У крестьянина, при всем его невежестве, при всей его беззаботности, в душе больше поэзии, чем в других низших классах общества. А крестьянка еще поэтичнее. Ей способствует в том жизнь посреди природы и нужды: они навевают им сны и мечтания, а свежий ум жадно глотает благодатный напиток из чаши жизни; самая испорченность носит иногда в себе печать какой-то красоты, которой мещанин не жаждет и не понимает.
Тадеуш охотно забывал подле нее всю былую поэзию и мечты своей души, все удовольствия иного света, все, что не вмещалось в его настоящей сфере, жил только этой идиллией, в постоянном одурении, в постоянном опьянении без отрезвления. Разум все реже и реже отзывался насмешками; побежденный он пал и молчал.
Так текли дни, ночи, вечера, недели, и уже весть об этом разносилась по деревне все громче и громче. Барин не знал этого, а Уляна уже об этом не заботилась. Она любила его безумно, страстно, до безграничного обожания, до забвения даже того, что была матерью.
VIII
Через неделю воротился Оксен из Бердичева; дети встретили его криками, все обступили его телегу и спрашивали о новостях; он расспрашивал взаимно. Сам арендатор, любопытствуя узнать о цене волов, вышел к нему, заложив назад руки.

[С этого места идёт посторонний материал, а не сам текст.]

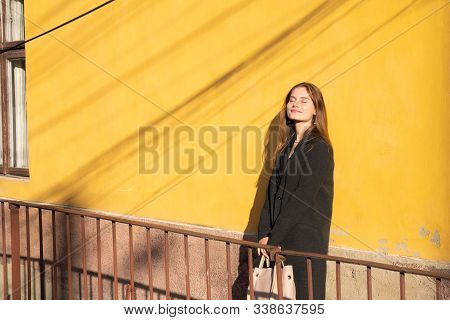 Beautiful Girl In Black Cloack And Handbag In Hands Leaned On The Yellow Wall And Bask In The Sun Wi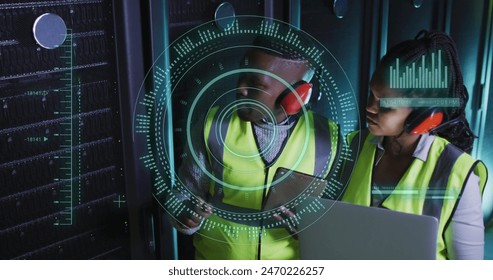 Image of data processing and scope scanning over african american workers in server room. Global business, security and digital interface concept digitally generated image.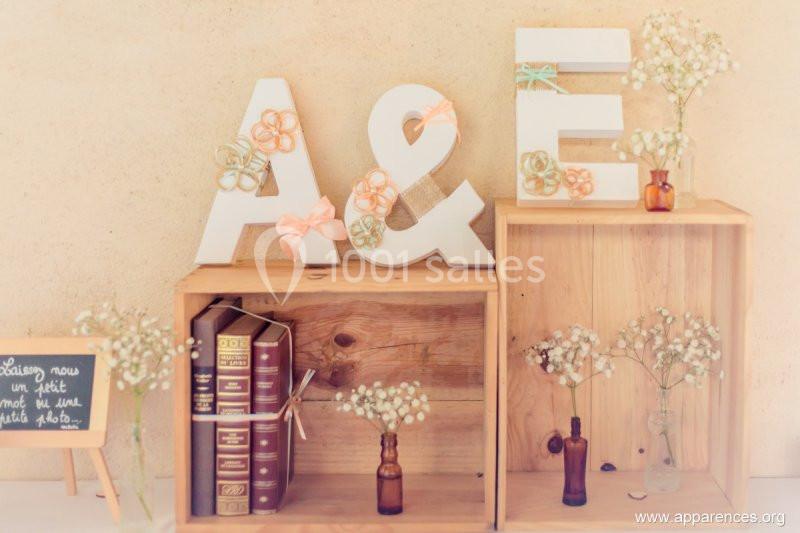 Lettres décoratives ’A & E’ ornées de rubans et fleurs, entourées de livres, vases et gypsophiles sur des caisses en bois.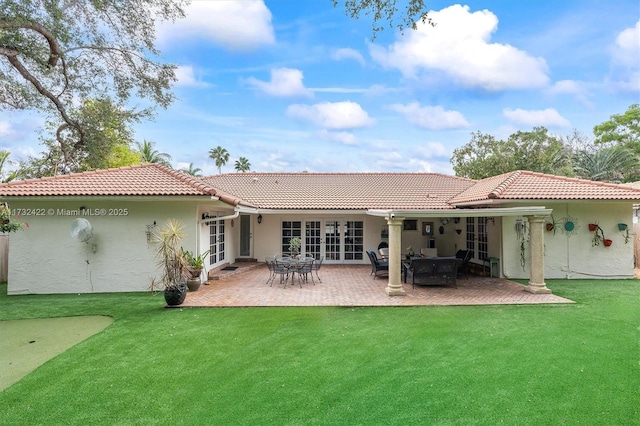 back of property featuring a patio, a yard, and french doors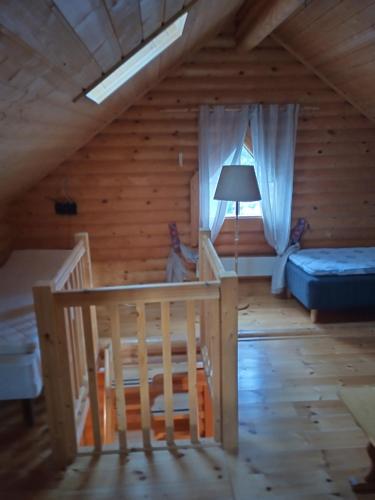 a attic room with a bed and a window at Willa Axe in Hurissalo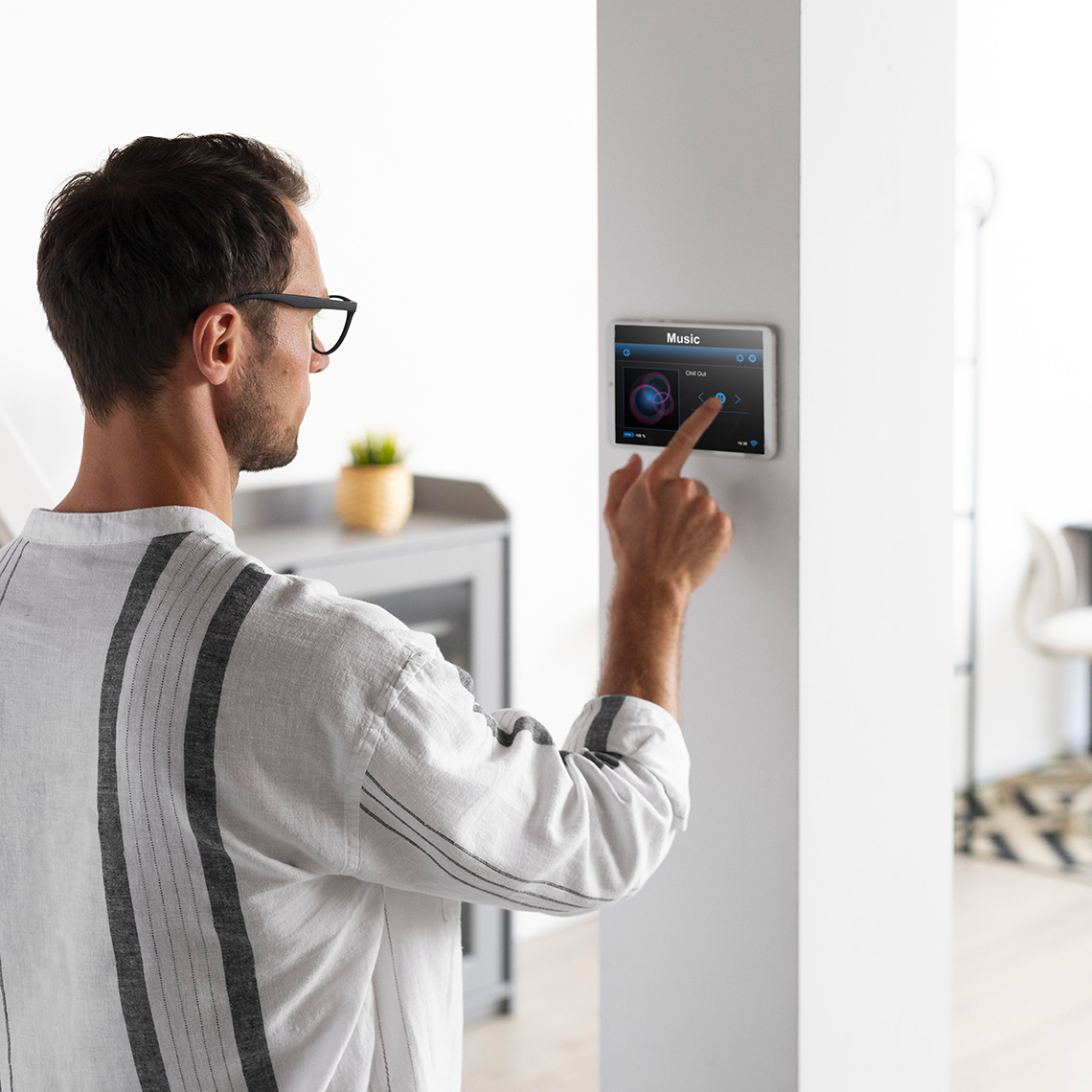 homme qui appuie sur sa tablette de contrôle de domotique pour lancer la musique vallée électricité votre partenaire électricien en gironde nouvelle aquitaine France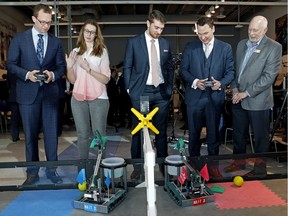 Officials play with remote-controlled robots at NAIT on Wednesday, March 14, 2018 after the province announced new seats for students in the technology sector. Left to right: Minister of Advanced Education Marlin Schmidt, NAIT graduate Erin Wilson, Promethean Labs CEO Zachary Fritze, Minister of Economic Development and Trade Deron Bilous, and NAIT technology coordinator Neil Wenger.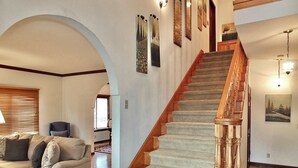 A staircase with wooden railings and carpeted steps, leading to a second floor.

Поодаль стояли старики отцы, Левко и Уляс, и переглядывались между собою, сказать ли ему кое-что или нет; стояла и Уляна; но бледная, без памяти, без сознания, что делает. Она держала белый фартук в руке, под подбородком и поглядывала на мужа, но так, как будто не видела его, как будто и душой, и мыслями была совершенно в другом месте; страх пробегал по ней дрожью и застилал глаза слезами.
Приезд Оксена пробудил в ней угрызения совести, испугал, по*-рвал сладкую связь, уже нескольких дней, нескольких ночей, проведенных с Тадеушем. Она, думая о том, как придется ей покинуть его, и воротиться опять в свою избу, к мужу, к детям, и не видеть возлюбленного, не любить, не просиживать с ним длинных вечеров, плакала кровавыми слезами в душе, ибо не могла плакать глазами. Все на нее смотрели.
Старый Гончар, поздоровавшись с детьми, которым дал по яблоку, справившись потом о хозяйстве, и отдавши жене платок, привезенный в гостинец, не беспокоился уже больше ни о чем и пошел с двумя стариками, отцом и тестем, в корчму. К ним присоединился молодой Павлюк, брат Оксена, который, в силу возложенной на него обязанности, самым внимательным образом стерег Уляну, и лучше всех сам знал обо всем, и чрезвычайно хотел сообщить об этом Оксену.
Когда все они пошли, Уляна, видя их серьезные лица, их значительное молчание, догадалась, к чему клонится дело, и заранее предчувствовала близкую бурю.
Плача украдкой, она стала обтирать лавки и столы, становить их к окошку и смотрела на уходящих, думая о том, что будет, когда они вернутся. Знала она, что Павлюк и Левко скажут мужу обо всем, но надеялась оправдаться как-нибудь при упреках, не ожидая, впрочем, чтобы дело обошлось спокойно, без ругательств, гнева, а, может быть, и побоев. И ей так странно было подумать, что ее кто-нибудь может бить и ругать.